:: EXTRACTED RECORDS ::
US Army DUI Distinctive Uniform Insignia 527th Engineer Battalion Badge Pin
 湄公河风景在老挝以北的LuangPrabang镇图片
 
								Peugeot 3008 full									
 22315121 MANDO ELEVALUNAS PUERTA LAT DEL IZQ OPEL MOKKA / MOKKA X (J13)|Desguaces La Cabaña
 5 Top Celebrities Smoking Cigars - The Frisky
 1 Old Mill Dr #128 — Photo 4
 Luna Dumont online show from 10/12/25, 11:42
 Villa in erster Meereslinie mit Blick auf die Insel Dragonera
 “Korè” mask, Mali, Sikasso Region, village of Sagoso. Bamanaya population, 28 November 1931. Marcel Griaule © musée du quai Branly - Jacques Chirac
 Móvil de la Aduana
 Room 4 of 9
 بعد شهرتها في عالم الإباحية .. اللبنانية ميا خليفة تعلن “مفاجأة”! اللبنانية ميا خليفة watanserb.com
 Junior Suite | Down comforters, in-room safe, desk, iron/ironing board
:::
### ACTIVITY
Return, word for word, every line from the line with "Room 4 of 9" to the final line of the data.

### REPLY TO THE EXERCISE
 Room 4 of 9
 بعد شهرتها في عالم الإباحية .. اللبنانية ميا خليفة تعلن “مفاجأة”! اللبنانية ميا خليفة watanserb.com
 Junior Suite | Down comforters, in-room safe, desk, iron/ironing board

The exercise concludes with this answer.